The real opposition, however, comes from parties who strongly criticize the program's lack of proper oversight. A standing committee within India's Parliament made strong queries about the legal legitimacy of the UIDAI's plans based on the fact that, to date, no bill has been passed authorizing UID's implementation. The project has gone ahead with government approval in the form of an executive order (which provides the authority to implement a program without Parliament's approval), but the bill in question still needs to be passed by Parliament to have complete legislative authority.
Usha Ramanathan, an eminent lawyer, activist, and known critic of the UID system, also contends that using biometrics is a flawed approach in an economy as labor-intensive as India's. The fingerprints of the poor are frequently unrecognizable, she points out, since they are worn down by a lifetime of harsh labor.
There is also the concern that, given India's comparatively weak data privacy laws, the UIDAI grants the state too much power. Ramanathan asserts that UID "would make every citizen transparent to the state including basic information about health, work, bank transactions, and migration via the UID number." Privacy activists are worried that the government could use this data to monitor all the transactional activities of its citizens, especially those who are hostile to the government. In a country known for pervasive corruption and poor governance, this is not an idle concern.

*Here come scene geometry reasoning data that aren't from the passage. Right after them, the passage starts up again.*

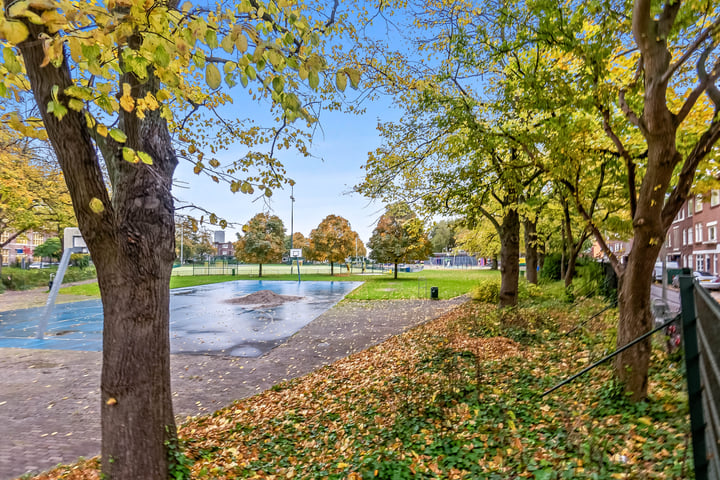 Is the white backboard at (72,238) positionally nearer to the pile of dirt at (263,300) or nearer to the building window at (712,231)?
the pile of dirt at (263,300)

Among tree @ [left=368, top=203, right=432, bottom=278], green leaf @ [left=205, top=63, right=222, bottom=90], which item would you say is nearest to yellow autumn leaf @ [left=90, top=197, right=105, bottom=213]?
green leaf @ [left=205, top=63, right=222, bottom=90]

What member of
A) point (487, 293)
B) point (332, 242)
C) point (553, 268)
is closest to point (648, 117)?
point (487, 293)

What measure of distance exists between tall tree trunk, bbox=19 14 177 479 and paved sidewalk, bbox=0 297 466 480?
5.96 feet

Ramanathan goes on to mention that the identification system could be misused to benefit commercial ventures. Private banks, for example, might be interested in purchasing citizen data in order to promote insurance and banking operations. Politicians, too, might be tempted to use UID applications to covertly send bribes to mass numbers of potential voters, a gimmick that many already partake in through other means.
Nandan Nilekani, the chairman of UIDAI, responds by reminding critics that "criticism of a technology platform on the basis of criticism of an application is unfair and ill-conceived." UIDAI argues for its reliability by referring to the data-sharing policy that it is bound by, which prioritizes protecting the identity of individuals enrolled in the system. But this is not enough. With a rapidly emerging middle class, India and the world are bound to be concerned by data theft, especially without robust legislation from Parliament first to approve and legitimate UID, and then to enhance support systems such as data privacy regulations.